Emilee Cherry
- Born: 2 November 1992 (age 33)
- Height: 1.68 m (5 ft 6 in)
- Weight: 70 kg (154 lb)

Rugby union career
- Position: Back

Amateur team(s)
- Years: Team / Apps / (Points)
- Toowoomba Bears /  / (0)

National sevens team
- Years: Team /  / Comps
- 2012–2021: Australia /  / 159
- Medal record
Women's rugby sevens
Representing Australia
Olympic Games
| Gold medal – first place | 2016 Rio de Janeiro | Team competition |
Commonwealth Games
| Silver medal – second place | 2018 Gold Coast | Team competition |

= Emilee Cherry =

Emilee Jane Cherry (born 2 November 1992) is a former Australian Rugby Union player. She represented Australia in Sevens Rugby and won a gold medal at the 2016 Summer Olympics in Rio.

== Rugby career ==
Born in Roma, Queensland and playing for Toowoomba Bears at a club level, Cherry debuted for Australia in November 2012. As of December 2015, she had 14 caps. Cherry is a dual international, having represented Australia in Touch football (rugby league).

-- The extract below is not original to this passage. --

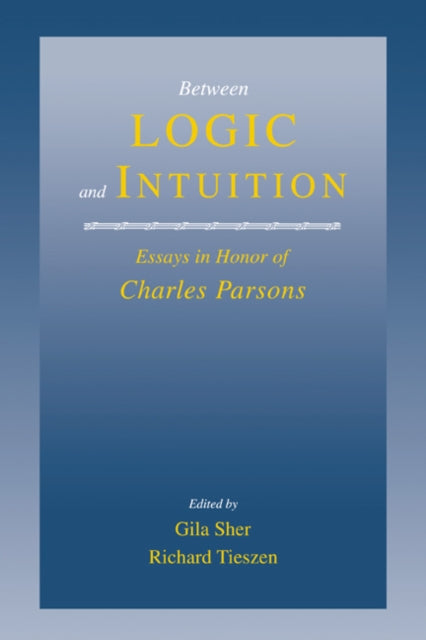 Book cover of: Between Logic and Intuition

Cherry was the 2013/14 Women’s Sevens World Player of the Year, her game lifting after Tim Walsh took over as Head Coach in September 2013. She scored the most tries in the series (33), scored the most points (195) and was the stand-out player during the 2013–14 IRB World Series season as she was named the 2014 Women's Sevens Player of the Year. Representative honours include Touch Football Australia, Aussie Pearls and Queensland.

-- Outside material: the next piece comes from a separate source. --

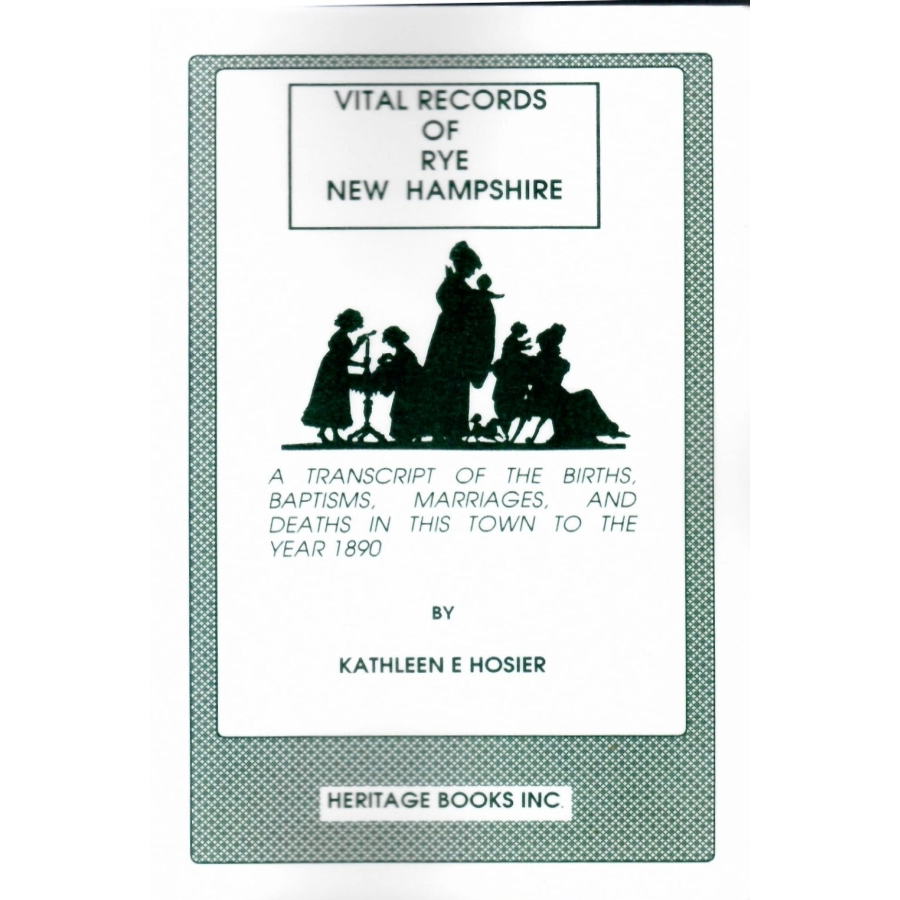 Vital Records of Rye, New Hampshire to the Year 1890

Cherry was a member of Australia's team at the 2016 Olympics, defeating New Zealand in the final to win the inaugural Olympic gold medal in the sport.

On 28 May 2021, she retired from rugby, citing injury and motherhood her reasons to retire.

=== World Rugby Hall of Fame ===
Cherry was announced as one of five players that will be inducted into the World Rugby Hall of Fame at the World Rugby Awards in Monaco on 24 November 2024.